I'm building a little app for Nokia S60s that has to talk to the GPS, and
we decided to use
KuneriLite, the Flash-on-steroids wrapper for mobile devices that cool kids in town use these days. Because of
HippoHX now every time I see/use a Flash wrapper can't help to compare with it, but I'll leave that for the end of the post.
Setting up Kuneri is a little bit messy. There's a nice list of very specific requirements, so my advice if you want to give it a go is:
1) Get Kuneri, install and open the requirements wizard.
2) Install the requirements the wizard tells you about in the same order and the same versions,
use the links they provide. I specially got problems with S60 SDK because I got a wrong version. With Java I saw the
missing DLL error.
[BTW, to download the S60 SDK you have to register with Nokia, what a nice way to annoy your developers. I'd like to know the % of real data they get. So well done Adobe for not requiring this annoying step to get Flex SDK]
3) Until you can't compile the test application, you will not be good to go.
Once you are all set up, you can start using Kuneri. Create a new project, add the plugins you want to use, compile, install and live happy ever after.
Where's my API dude?It turns out Kuneri is a tiny webserver on the phone, thus you communicate doing http requests and parsing the results you get. Somehow weird, but whatever, I'll play along. What I was
really surprised about is that there's no official higher ActionScript API. I mean, if you want to talk to the GPS, the
documentation tells you to do something like this:
[code lang="actionscript"]loadVariables("http://127.0.0.1:1001/Basic/GPS?klCommand=read","");[/code]
loadVariables? Sorry,
are you from the past? Apparently they are not, they recommend loadVariables to be compatible with FlashLite 1.1. But because of that you also have to use a MovieClip and an interval to receive the answer from the server. A graphical element to receive the answer from a network call, that's good ol'Flash in all its glory!
The point is KuneriLite doesn't provide at the moment a clean ActionScript API to use their plugins, they only document how you should make the requests and what you should expect as their response. No way in hell I'm going through that so I'm presenting (drum roll, please):
Kuneri ActionScript APICheck it out:
[code lang="actionscript"]var gps : GPS = new GPS();
gps.read(Delegate.create(this, handler));
function handler(response : GPSResponse) : Void
{
trace(response.latitude + ", " + response.longitude);
}[/code]
That's much better. Not only you hide all the crap of calling the server, you also get a strictly typed response. Sweet. ATM I've only created the API for the GPS because that's what I need now, and also the Camera for the sake of it, really. I'm not sure if I'm going complete it and I'm almost sure I'm not going to keep up in sync with Kuneri development, so if anyone is interested, please contact me, I'll gladly handover the project.
Special thanks to mr
Elecash for explaining to me the
why-the-hell-they-use-loadVariables mystery and for pointing out
this nice bug that, thanks to him, nobody else has to suffer. Plus, he's always available on IM for my silly FlashLite doubts. Yo! Thanks mate :)

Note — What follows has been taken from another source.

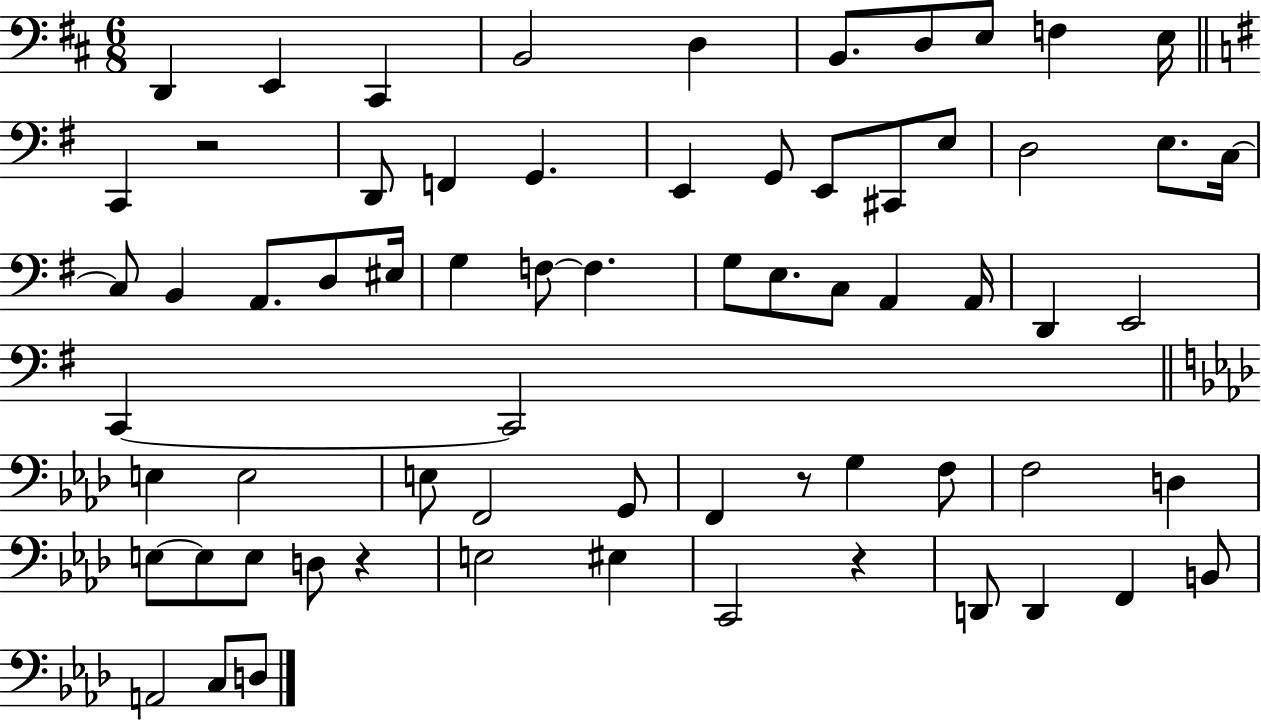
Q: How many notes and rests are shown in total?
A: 67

Extra ball: KuneriLite vs HippoHXAs I said at the beginning, can't help but compare Kuneri with HippoHX. Here we go:
- Both are based on somebody else's codebase (SWHX and S60 SDK), but because SWHX is Open Source I can redistribute it myself saving the hassle to my final user, something that Kuneri can't with Nokia's SDK. Another nice side effect is that if a new version of SWHX breaks HippoHX for some reason, I can hold the HippoHX release till I fix the problem.
- HippoHX GUI is only that, a GUI to the CLI packager, so you can integrate it with your compilation scripts. I have the feeling that Kuneri GUI is the same, but haven't seen the documentation.
- HippoHX GUI doesn't use the installation folder to store its data, it uses user's space for that. See
Where should cross-platform apps keep their data? to know why.
- SWHX and HippoHX are for Win and Mac and Kuneri is Windows only. Might be because of the dependencies, but I'm not sure.
- I can't find a download for the documentation, it seems to be on-line only.
Some of these are bigger deals than others, and I'm sure the Kuneri team will fix them in the future, but being a commercial app, I feel most of them could/should have been fixed already.
Anyway, will add a link to the OVI store (Nokia's copycat of the Apple store) once the app is finished and ready to download. It's a little silly app, but, hey, I coded it!